**Assignment**
Copy out precisely the lines from the start of the data through the line with "Torcida brasileira: aprenda", and keep pictures out of it.

**Extracted information**
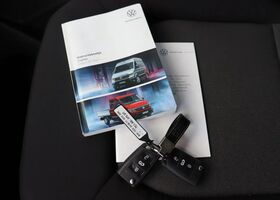 Фольксваген Крафтєр 2022 у Європі на Automoto.ua Сірий Фольксваген Крафтєр, об'ємом двигуна 1.97 л та пробігом 75 тис. км за 42214 $, фото 4 на Automoto.ua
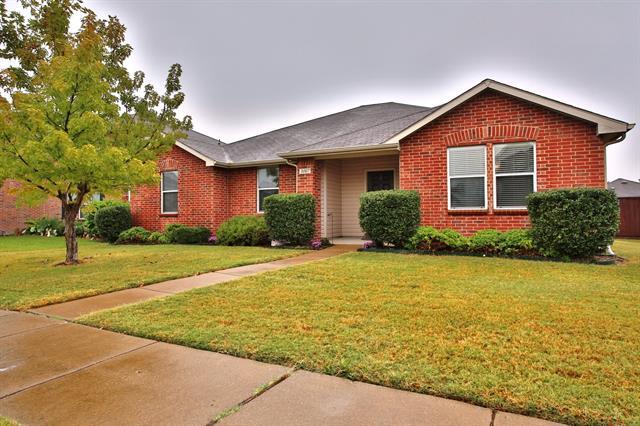 Building Photo - 3007 Fallbrook Dr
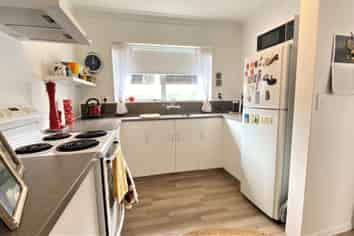 4C Lytton Street, Glenholme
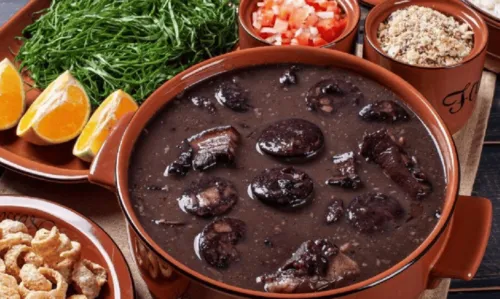 
				
					Torcida brasileira: aprenda a fazer uma deliciosa feijoada e sirva a família na copa
				
				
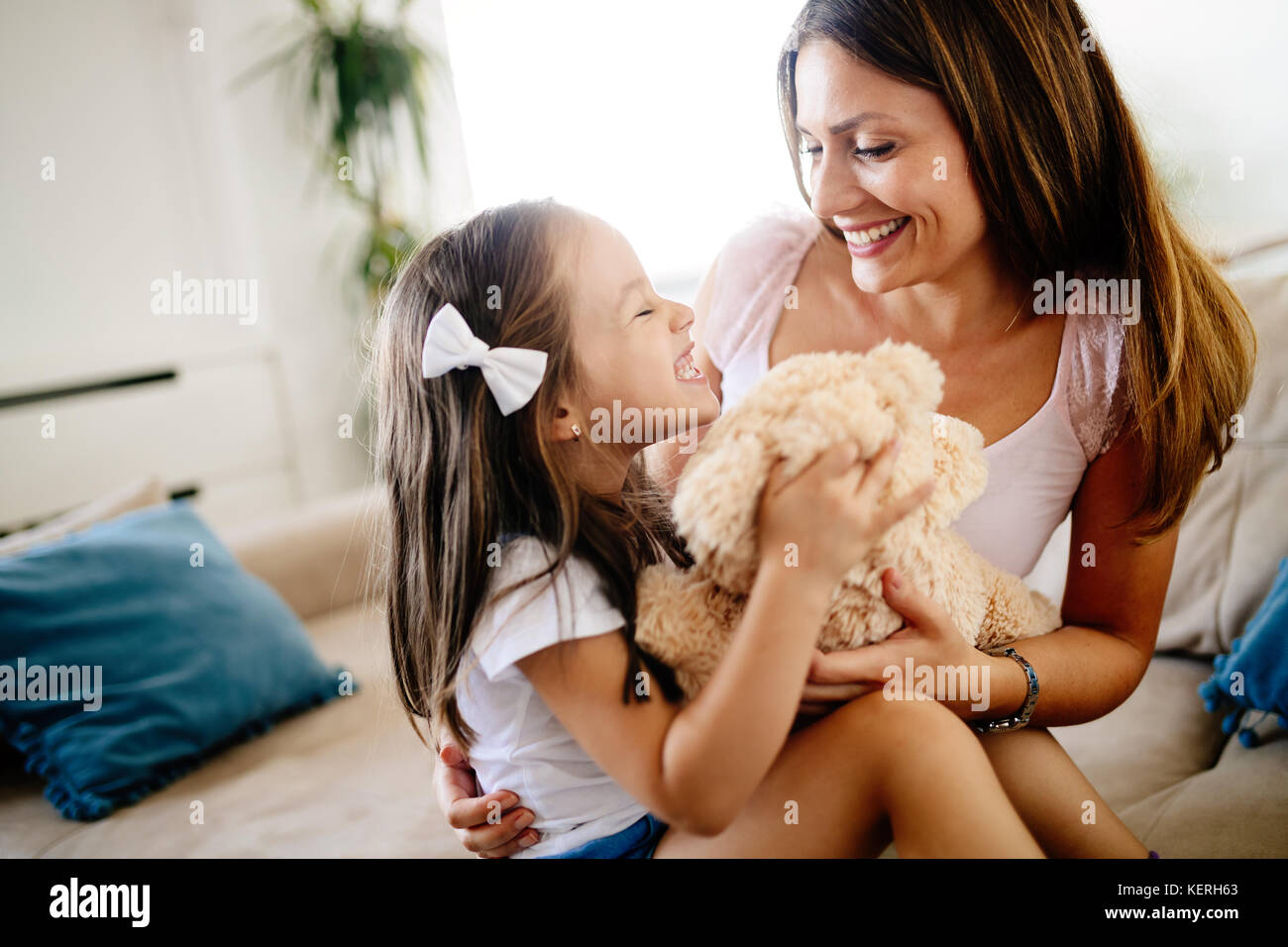 Mutter und Tochter Porträt mit Teddybär Stockfoto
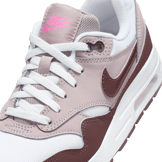 Nike Air Max 1 (GS) Angle 4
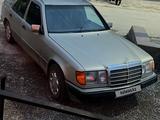 Mercedes-Benz E 200 1991 годаүшін2 000 000 тг. в Шымкент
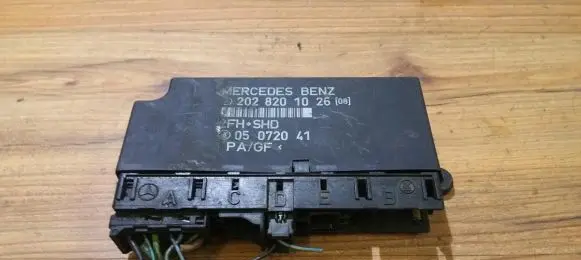 Mercedes-Benz C W202 Comfort/convenience module 2028201026 05072041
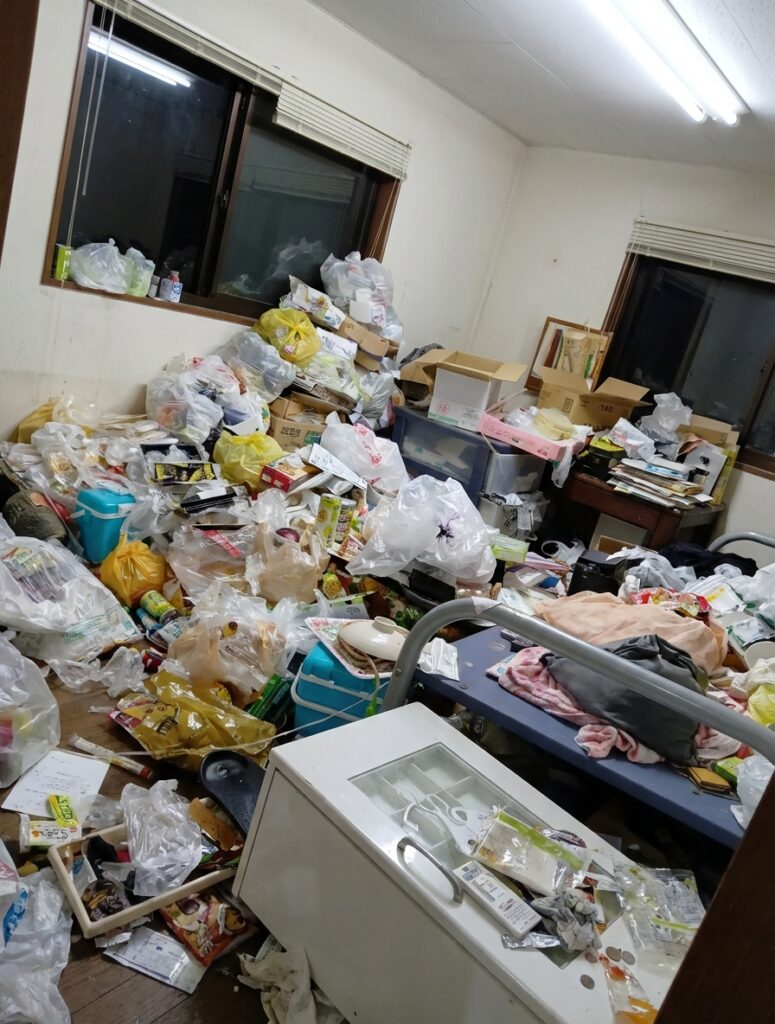 高知県宿毛市4LDK戸建てF様のゴミ屋敷片付け事例 Before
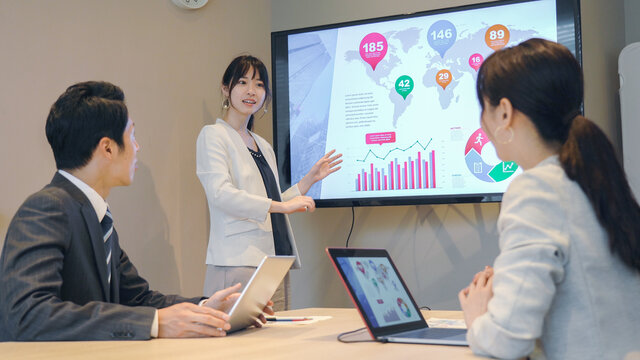 会議・ミーティングをするビジネスマン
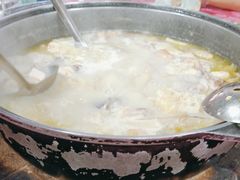 -侠成水上农庄(工业大道店)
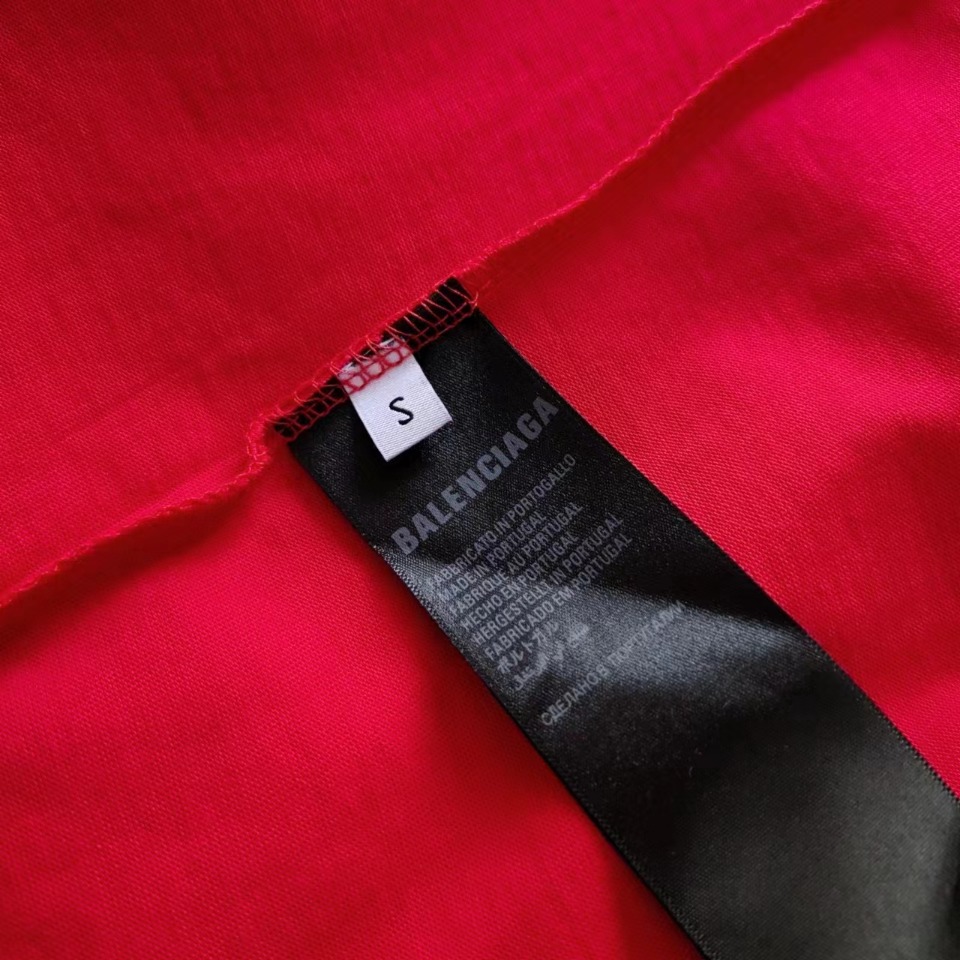 巴黎世家 Balenciaga 模糊前后Logo短袖 袖口下摆采用磨烂工艺 双线的针法加持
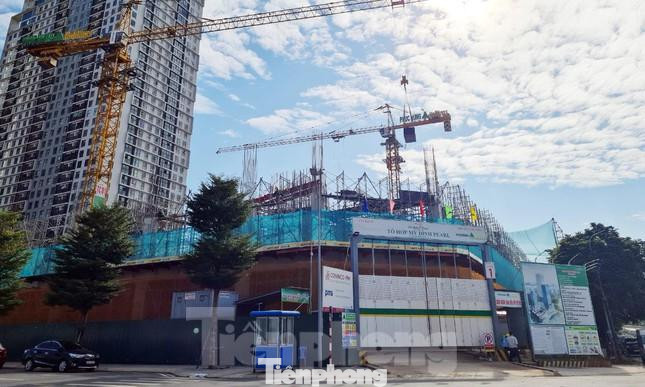 Khối văn phòng (ký hiệu số 2) dự án Tổ hợp Mỹ Đình Pearl điều chỉnh nâng tầng cao từ 28 tầng lên thành 38 tầng; đồng thời điều chỉnh chức năng từ “Văn phòng” sang thành “Thương mại dịch vụ, văn phòng kết hợp căn hộ”.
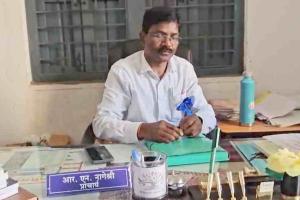 CG News: जशपुर के सरकारी स्कूल में ‘धार्मिक पुस्तिका’ वितरण से मचा बवाल, 14 बाइबिल जब्त, शिक्षक को नोटिस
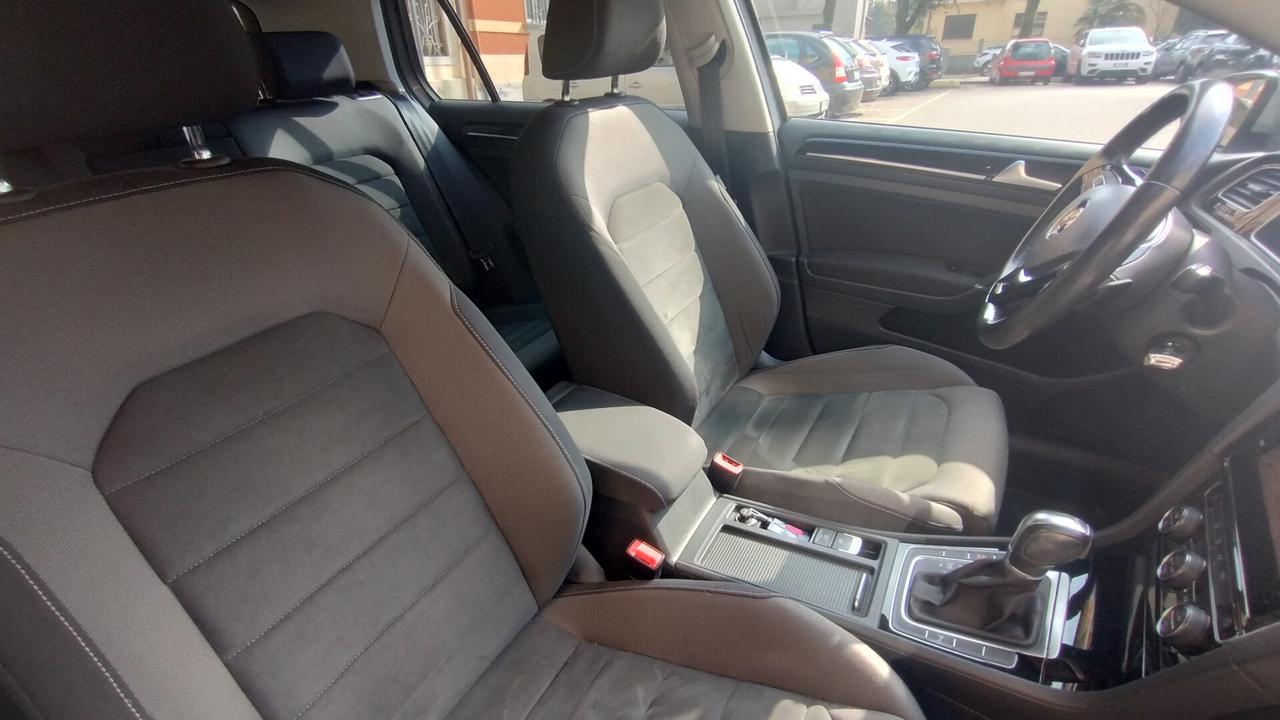 Volkswagen Golf 1.6 TDI 115 CV DSG 5p. Highline BlueMotion Technology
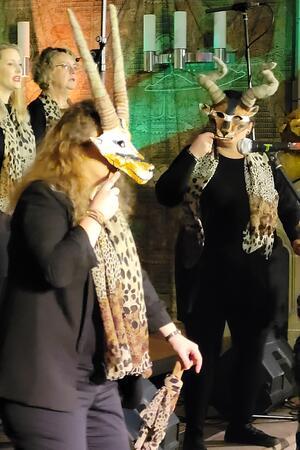 Beim Lied „Circle of life“ greifen die Sängerinnen zu exotischen Masken.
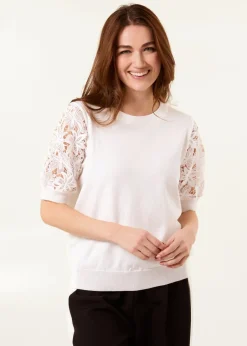 Tops>Blue Vanilla Ivory Embroidered Sleeve Top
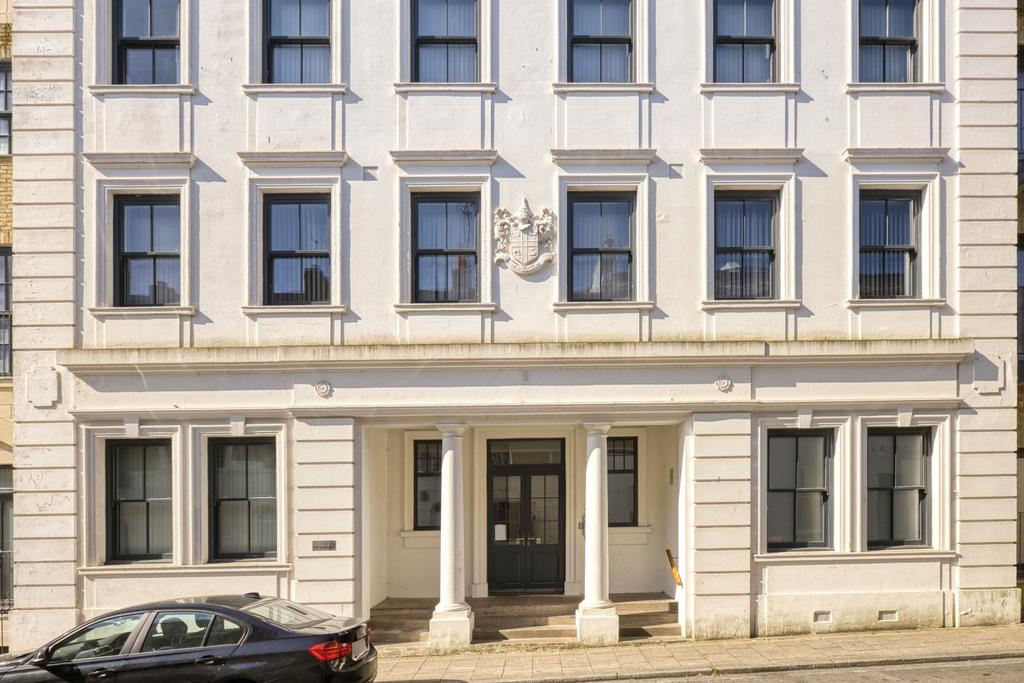 3 bedroom flat for sale in Kent 3 bedroom flat for sale in Kent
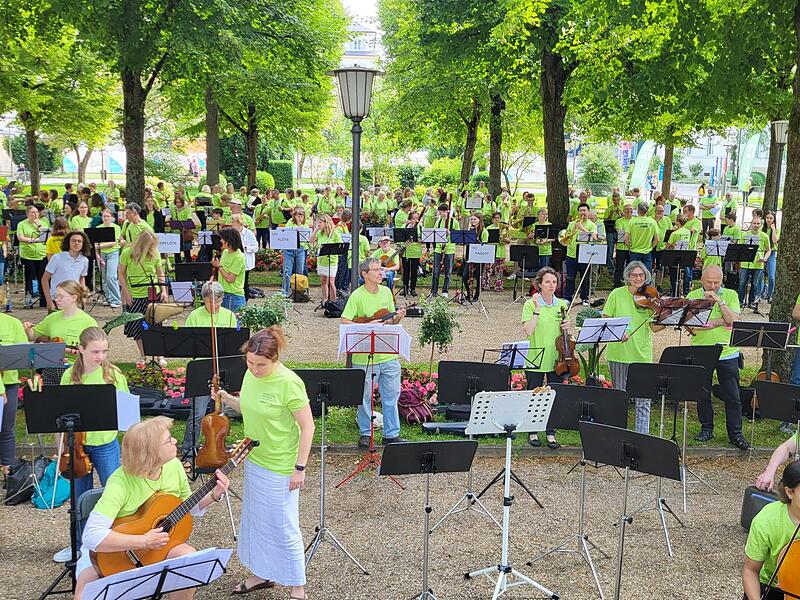 Auch die Musikerinnen und Musiker des BBC orchestra treffen langsam ein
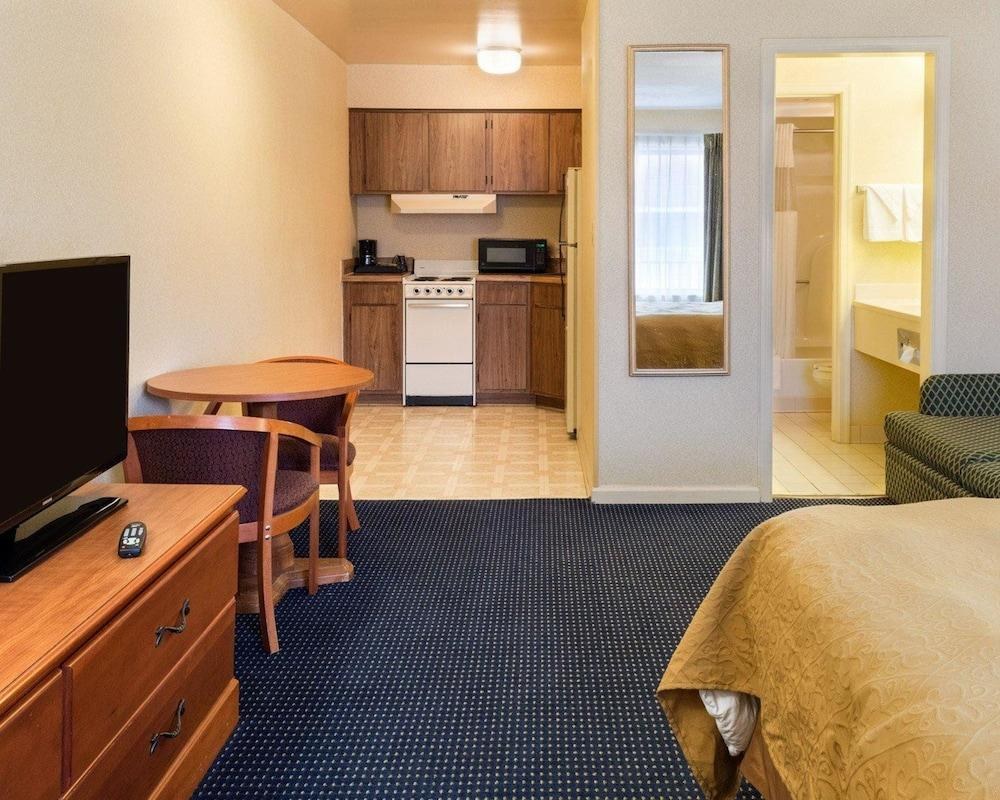 QUALITY INN LITTLE CREEK photo 2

**Response to this task**
 Фольксваген Крафтєр 2022 у Європі на Automoto.ua Сірий Фольксваген Крафтєр, об'ємом двигуна 1.97 л та пробігом 75 тис. км за 42214 $, фото 4 на Automoto.ua
 Building Photo - 3007 Fallbrook Dr
 4C Lytton Street, Glenholme
				
					Torcida brasileira: aprenda a fazer uma deliciosa feijoada e sirva a família na copa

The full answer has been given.